### Task description
Write out the line that contains "Brazilian butt lift", then every following line to the end of the records below, with no other lines and no changes.

[[ Input data, beginning ]]

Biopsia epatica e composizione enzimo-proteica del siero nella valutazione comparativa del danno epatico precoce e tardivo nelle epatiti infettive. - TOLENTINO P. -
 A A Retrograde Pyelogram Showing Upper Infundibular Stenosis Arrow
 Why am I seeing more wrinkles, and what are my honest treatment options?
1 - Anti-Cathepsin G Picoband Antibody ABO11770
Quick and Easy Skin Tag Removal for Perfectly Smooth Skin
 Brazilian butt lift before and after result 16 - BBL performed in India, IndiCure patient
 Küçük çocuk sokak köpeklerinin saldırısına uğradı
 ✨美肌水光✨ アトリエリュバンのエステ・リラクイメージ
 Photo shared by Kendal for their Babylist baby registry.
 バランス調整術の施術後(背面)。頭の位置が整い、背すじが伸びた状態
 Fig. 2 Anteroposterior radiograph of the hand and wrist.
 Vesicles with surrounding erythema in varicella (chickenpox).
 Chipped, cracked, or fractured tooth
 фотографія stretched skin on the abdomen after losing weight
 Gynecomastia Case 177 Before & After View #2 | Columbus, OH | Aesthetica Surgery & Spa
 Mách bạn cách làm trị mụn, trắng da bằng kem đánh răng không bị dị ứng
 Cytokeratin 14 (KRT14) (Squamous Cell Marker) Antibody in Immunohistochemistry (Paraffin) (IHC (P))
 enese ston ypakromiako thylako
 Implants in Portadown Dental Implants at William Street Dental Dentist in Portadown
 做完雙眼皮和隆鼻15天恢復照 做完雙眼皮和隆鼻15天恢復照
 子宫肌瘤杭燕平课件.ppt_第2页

[[ Input data, end ]]

### Response to the exercise
 Brazilian butt lift before and after result 16 - BBL performed in India, IndiCure patient
 Küçük çocuk sokak köpeklerinin saldırısına uğradı
 ✨美肌水光✨ アトリエリュバンのエステ・リラクイメージ
 Photo shared by Kendal for their Babylist baby registry.
 バランス調整術の施術後(背面)。頭の位置が整い、背すじが伸びた状態
 Fig. 2 Anteroposterior radiograph of the hand and wrist.
 Vesicles with surrounding erythema in varicella (chickenpox).
 Chipped, cracked, or fractured tooth
 фотографія stretched skin on the abdomen after losing weight
 Gynecomastia Case 177 Before & After View #2 | Columbus, OH | Aesthetica Surgery & Spa
 Mách bạn cách làm trị mụn, trắng da bằng kem đánh răng không bị dị ứng
 Cytokeratin 14 (KRT14) (Squamous Cell Marker) Antibody in Immunohistochemistry (Paraffin) (IHC (P))
 enese ston ypakromiako thylako
 Implants in Portadown Dental Implants at William Street Dental Dentist in Portadown
 做完雙眼皮和隆鼻15天恢復照 做完雙眼皮和隆鼻15天恢復照
 子宫肌瘤杭燕平课件.ppt_第2页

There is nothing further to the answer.